This is the summary [0] from the Benton Institute for Broadband & Society, who seem to be in support of the legislation. I get the feeling the definition of 'operating system' within the legislation isn't how many on HN, or in real life, would define what an OS is, since its implied to be aimed at mobile devices, but we shall see once the actual text is posted.

[0] https://www.benton.org/headlines/rep-gottheimer-announces-bi...

boxed 4 days ago | parent | next [-]

Seems like legislation should come after senators and members of congress directly call Tim Cook en masse to complain that:

1. Screen time reporting has been 100% broken for decades. Just does not work as advertised. False advertising is indeed illegal.

2. The parental controls are a joke. Can't block apps that were ever downloaded by a member of the household. Don't want the kid to have TikTok? You better not have downloaded it on any device ever.
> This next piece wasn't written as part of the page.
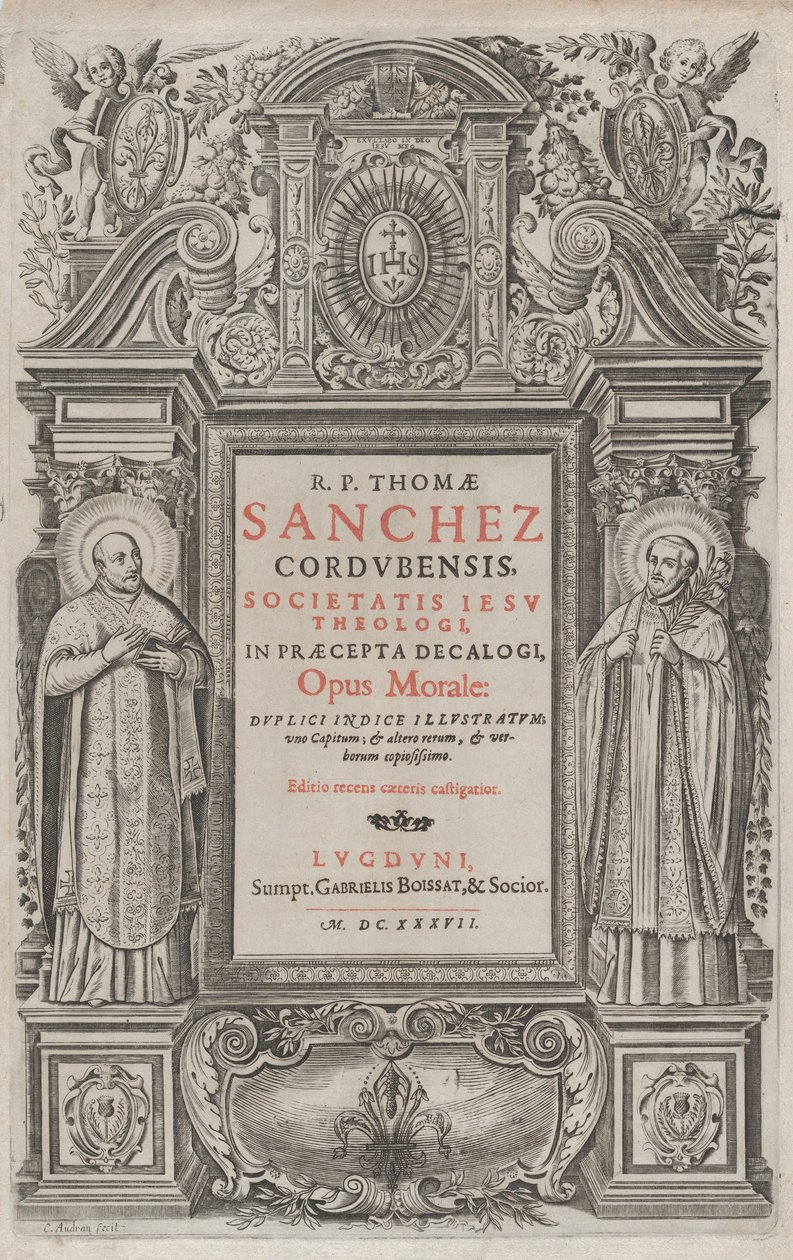 डिकोलॉग के उपदेशों में ओपस मनोबल के लिए अग्रभाग, 1637। द्वारा चार्ल्स ऑड्राना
Ucalegon 4 days ago | parent [-]

I do not disagree that there is A LOT that Apple could, and should, be doing to enable parents. The problem that we have is, that if a vendor, like Apple, just decides to continue to have broken systems, there isn't a way to compel them to fix the problem outside of legislation. And, because most people in the House/Senate have a complete lack of technical literacy, we get situations where they define things poorly or special interests get to set those definitions in their favor/for ideological reasons, rather than to make good policy.
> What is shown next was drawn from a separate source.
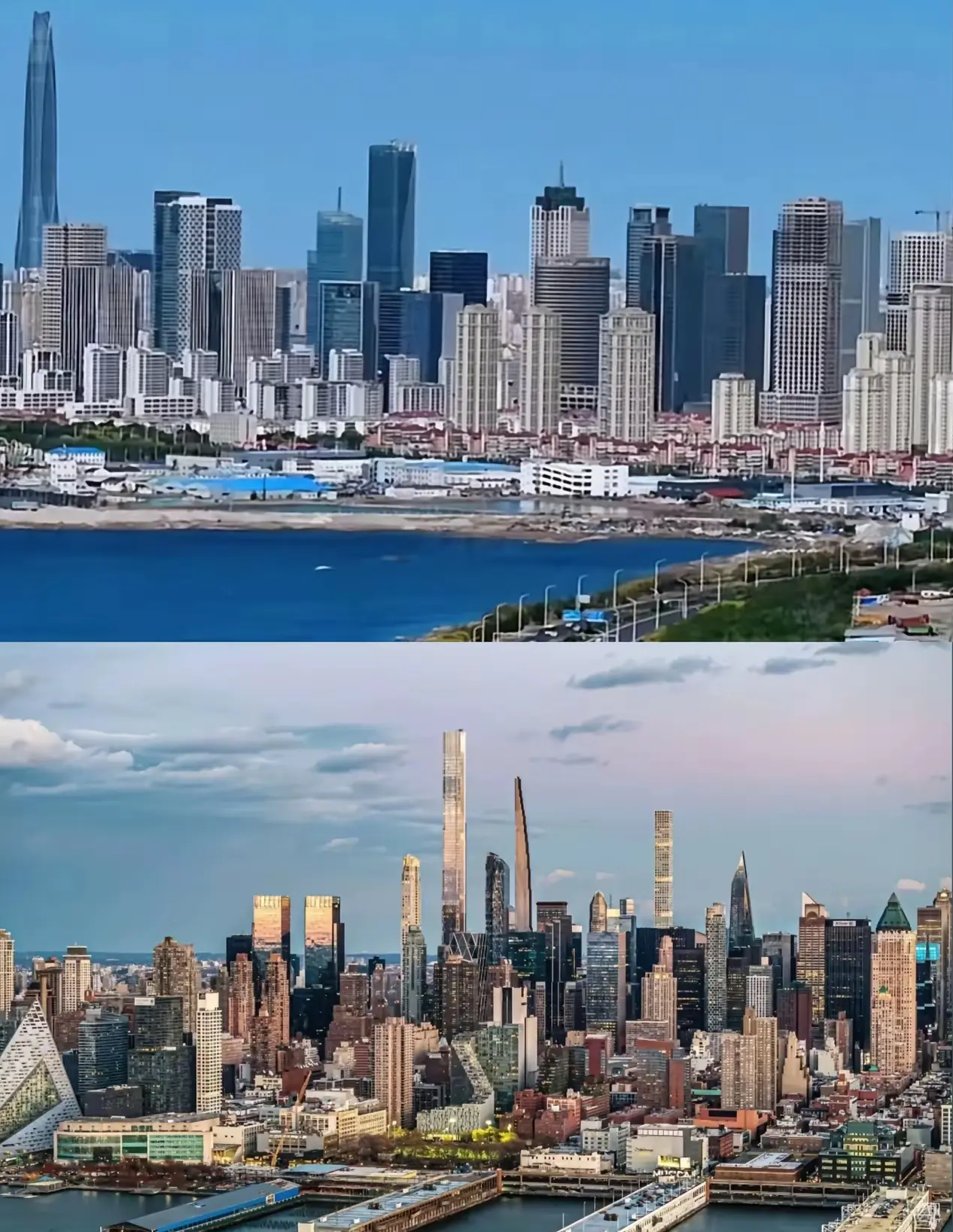 上面是天津的曼哈顿下面是美国的曼哈顿你们觉得哪个更好看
boxed 3 days ago | parent [-]

We agree that legislation won't work because legislators aren't competent.

But you claim that only legislation can force behavior, and I'm pretty sure that if a few senators just relayed their frustration with broken screen time reporting to Tim Cook personally we could get some results.

Ucalegon 3 days ago | parent [-]

Calls don't have enforcement mechanisms/consequences needed to ensure compliance with the desired outcome. The whole point of government is not to ask nicely that something be done, it is to use the power of the state to ensure that something is done. Assuming that the state decides to actually enforce its laws, but that is an entirely different conversation.

WarmWash 4 days ago | parent | prev [-]

You know it's bad when they call it the opposite of what it is.